EDITORIAL: Nursing home reforms needed now

nursinghome
PHOTOGRAPHER:

The refusal by Gov. Andrew Cuomo’s office to release accurate figures related to covid-related deaths in nursing homes revealed not only a pattern of dishonesty and secrecy, but also helped impede policy and program solutions that rely on accurate information.

Thankfully, a Supreme Court justice stepped in and righted this wrong, forcing the state to release accurate data.

But the withholding of information wasn’t the only problem with the state’s response to health and safety in nursing homes and other residential care facilities.

For the health, safety and mental well-being of the residents, staff and families, the state needs to initiate reforms.

It could start by considering a reform package put forth in the state Senate.
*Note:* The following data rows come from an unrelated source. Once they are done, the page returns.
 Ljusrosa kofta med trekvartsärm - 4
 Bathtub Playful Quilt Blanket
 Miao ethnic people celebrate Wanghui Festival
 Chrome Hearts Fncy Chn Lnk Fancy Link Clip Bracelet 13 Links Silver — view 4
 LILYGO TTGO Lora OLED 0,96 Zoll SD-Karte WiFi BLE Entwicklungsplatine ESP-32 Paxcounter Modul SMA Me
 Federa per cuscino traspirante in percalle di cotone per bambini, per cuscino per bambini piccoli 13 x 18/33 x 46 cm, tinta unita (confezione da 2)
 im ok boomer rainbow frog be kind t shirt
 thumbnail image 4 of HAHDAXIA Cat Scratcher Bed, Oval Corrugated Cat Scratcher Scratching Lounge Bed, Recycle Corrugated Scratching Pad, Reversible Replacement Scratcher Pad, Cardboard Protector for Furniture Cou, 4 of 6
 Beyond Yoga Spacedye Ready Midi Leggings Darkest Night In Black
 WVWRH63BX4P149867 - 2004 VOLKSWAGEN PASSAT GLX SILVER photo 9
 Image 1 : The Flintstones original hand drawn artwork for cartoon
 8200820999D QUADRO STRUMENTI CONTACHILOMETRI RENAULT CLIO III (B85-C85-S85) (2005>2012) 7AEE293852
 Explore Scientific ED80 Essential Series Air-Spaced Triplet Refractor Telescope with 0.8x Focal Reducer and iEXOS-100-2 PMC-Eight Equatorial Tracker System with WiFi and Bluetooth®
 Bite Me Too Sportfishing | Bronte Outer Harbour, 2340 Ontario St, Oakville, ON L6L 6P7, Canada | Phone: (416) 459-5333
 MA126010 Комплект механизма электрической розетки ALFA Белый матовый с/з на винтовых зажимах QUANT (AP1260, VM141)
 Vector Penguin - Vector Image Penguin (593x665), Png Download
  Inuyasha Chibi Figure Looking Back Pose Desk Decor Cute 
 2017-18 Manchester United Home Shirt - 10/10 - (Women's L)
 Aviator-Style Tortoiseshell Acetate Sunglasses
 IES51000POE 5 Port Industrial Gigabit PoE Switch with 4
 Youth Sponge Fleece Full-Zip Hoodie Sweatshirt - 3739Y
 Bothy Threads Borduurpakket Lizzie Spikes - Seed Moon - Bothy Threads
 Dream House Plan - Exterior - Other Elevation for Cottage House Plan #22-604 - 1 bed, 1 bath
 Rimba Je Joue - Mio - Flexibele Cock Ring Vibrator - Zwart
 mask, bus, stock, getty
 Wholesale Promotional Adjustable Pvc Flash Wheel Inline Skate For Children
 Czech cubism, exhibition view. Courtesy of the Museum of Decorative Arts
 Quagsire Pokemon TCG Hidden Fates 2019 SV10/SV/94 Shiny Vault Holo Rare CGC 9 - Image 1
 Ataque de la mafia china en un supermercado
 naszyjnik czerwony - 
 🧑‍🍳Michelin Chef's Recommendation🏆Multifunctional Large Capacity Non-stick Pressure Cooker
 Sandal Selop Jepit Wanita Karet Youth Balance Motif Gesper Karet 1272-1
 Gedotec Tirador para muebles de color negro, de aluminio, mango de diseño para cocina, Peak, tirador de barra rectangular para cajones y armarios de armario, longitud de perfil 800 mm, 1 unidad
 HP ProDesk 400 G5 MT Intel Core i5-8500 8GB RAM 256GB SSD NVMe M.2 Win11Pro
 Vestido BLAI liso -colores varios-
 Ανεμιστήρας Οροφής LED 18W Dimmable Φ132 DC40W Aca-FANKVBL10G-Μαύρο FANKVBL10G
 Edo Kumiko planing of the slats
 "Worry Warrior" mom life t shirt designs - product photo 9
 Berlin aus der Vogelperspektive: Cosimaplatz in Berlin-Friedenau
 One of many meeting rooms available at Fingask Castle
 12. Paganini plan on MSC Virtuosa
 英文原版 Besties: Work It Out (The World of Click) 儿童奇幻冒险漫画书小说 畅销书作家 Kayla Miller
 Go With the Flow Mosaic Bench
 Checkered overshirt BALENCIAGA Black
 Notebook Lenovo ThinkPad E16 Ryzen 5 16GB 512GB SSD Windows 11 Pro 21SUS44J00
The package of bills, which has the support of AARP New York, would address such issues as infection protocols, staffing, transferring and discharging of residents, reporting of data such as communicable diseases and resulting deaths, and visitation rights for “compassionate caregivers.”

This legislation would help ensure better care and safety, while also giving nursing home management and lawmakers the timely information they need to address problems as they arise.

In addition to this package of reforms, lawmakers also need to consider legislation that would require nursing homes and hospitals to maintain minimum staffing levels to ensure quality care.

Among the findings in last week’s report by state Attorney General Letitia James was that two-thirds of covid-related deaths occurred in nursing homes with among the lowest staffing ratings.

The “Safe Staffing for Quality Care Act,” (A108/S1168), would require acute care facilities and nursing homes to ensure a proper ratio of direct-care nurses to patients, set minimum staffing requirements, require facilities to submit a staffing plan each year and when applying for an operating certificate, authorize nurses to refuse assignments when staffing levels fall below minimum levels or when their workload exceeds their abilities and gives them legal protections, and imposes civil penalties for violations.

The hospital nurse-to-patient ratios, according to the bill memo, are based on peer-reviewed academic research and evidence-based recommendations.

One objection by nursing homes to minimum staffing levels has been the additional cost of labor.

But according to the bill, those costs could be offset by lower incidences of pneumonia, shock, cardiac arrest and other related outcomes that drive up costs. There’s also less staff turnover in well-staffed facilities (which is costly), and litigation and medical malpractice costs are reduced.

The covid crisis has drawn long-overdue attention to the problems in these facilities and has emphasized the need for reform.

There’s no reason to wait any longer.